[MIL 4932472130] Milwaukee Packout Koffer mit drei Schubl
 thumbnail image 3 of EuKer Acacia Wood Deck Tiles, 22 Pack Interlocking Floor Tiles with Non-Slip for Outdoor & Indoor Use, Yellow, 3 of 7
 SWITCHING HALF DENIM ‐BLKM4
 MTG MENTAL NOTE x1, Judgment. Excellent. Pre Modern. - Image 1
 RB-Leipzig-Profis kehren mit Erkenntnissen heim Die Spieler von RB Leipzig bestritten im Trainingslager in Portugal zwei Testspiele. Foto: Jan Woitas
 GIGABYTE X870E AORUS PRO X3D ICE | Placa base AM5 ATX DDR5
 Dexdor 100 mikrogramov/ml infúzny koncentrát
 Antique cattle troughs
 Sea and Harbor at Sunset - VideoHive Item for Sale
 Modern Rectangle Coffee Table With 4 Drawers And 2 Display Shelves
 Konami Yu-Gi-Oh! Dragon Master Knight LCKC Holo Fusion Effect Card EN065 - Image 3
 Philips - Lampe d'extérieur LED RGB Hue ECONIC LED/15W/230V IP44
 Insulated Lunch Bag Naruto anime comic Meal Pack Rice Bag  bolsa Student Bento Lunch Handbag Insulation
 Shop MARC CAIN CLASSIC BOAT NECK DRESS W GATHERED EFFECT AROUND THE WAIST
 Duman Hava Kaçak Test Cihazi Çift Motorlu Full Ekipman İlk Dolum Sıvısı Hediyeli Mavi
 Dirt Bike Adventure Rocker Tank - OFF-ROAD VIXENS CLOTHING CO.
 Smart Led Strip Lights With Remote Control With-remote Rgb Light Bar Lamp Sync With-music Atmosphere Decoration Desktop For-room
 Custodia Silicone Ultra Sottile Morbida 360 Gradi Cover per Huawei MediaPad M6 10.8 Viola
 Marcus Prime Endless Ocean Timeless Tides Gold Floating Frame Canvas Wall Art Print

+-------+

## Task item:
Keep to the lines above, from the first one through the line where "Modern Rectangle Coffee" appears, and copy them exactly.

## Answer area:
[MIL 4932472130] Milwaukee Packout Koffer mit drei Schubl
 thumbnail image 3 of EuKer Acacia Wood Deck Tiles, 22 Pack Interlocking Floor Tiles with Non-Slip for Outdoor & Indoor Use, Yellow, 3 of 7
 SWITCHING HALF DENIM ‐BLKM4
 MTG MENTAL NOTE x1, Judgment. Excellent. Pre Modern. - Image 1
 RB-Leipzig-Profis kehren mit Erkenntnissen heim Die Spieler von RB Leipzig bestritten im Trainingslager in Portugal zwei Testspiele. Foto: Jan Woitas
 GIGABYTE X870E AORUS PRO X3D ICE | Placa base AM5 ATX DDR5
 Dexdor 100 mikrogramov/ml infúzny koncentrát
 Antique cattle troughs
 Sea and Harbor at Sunset - VideoHive Item for Sale
 Modern Rectangle Coffee Table With 4 Drawers And 2 Display Shelves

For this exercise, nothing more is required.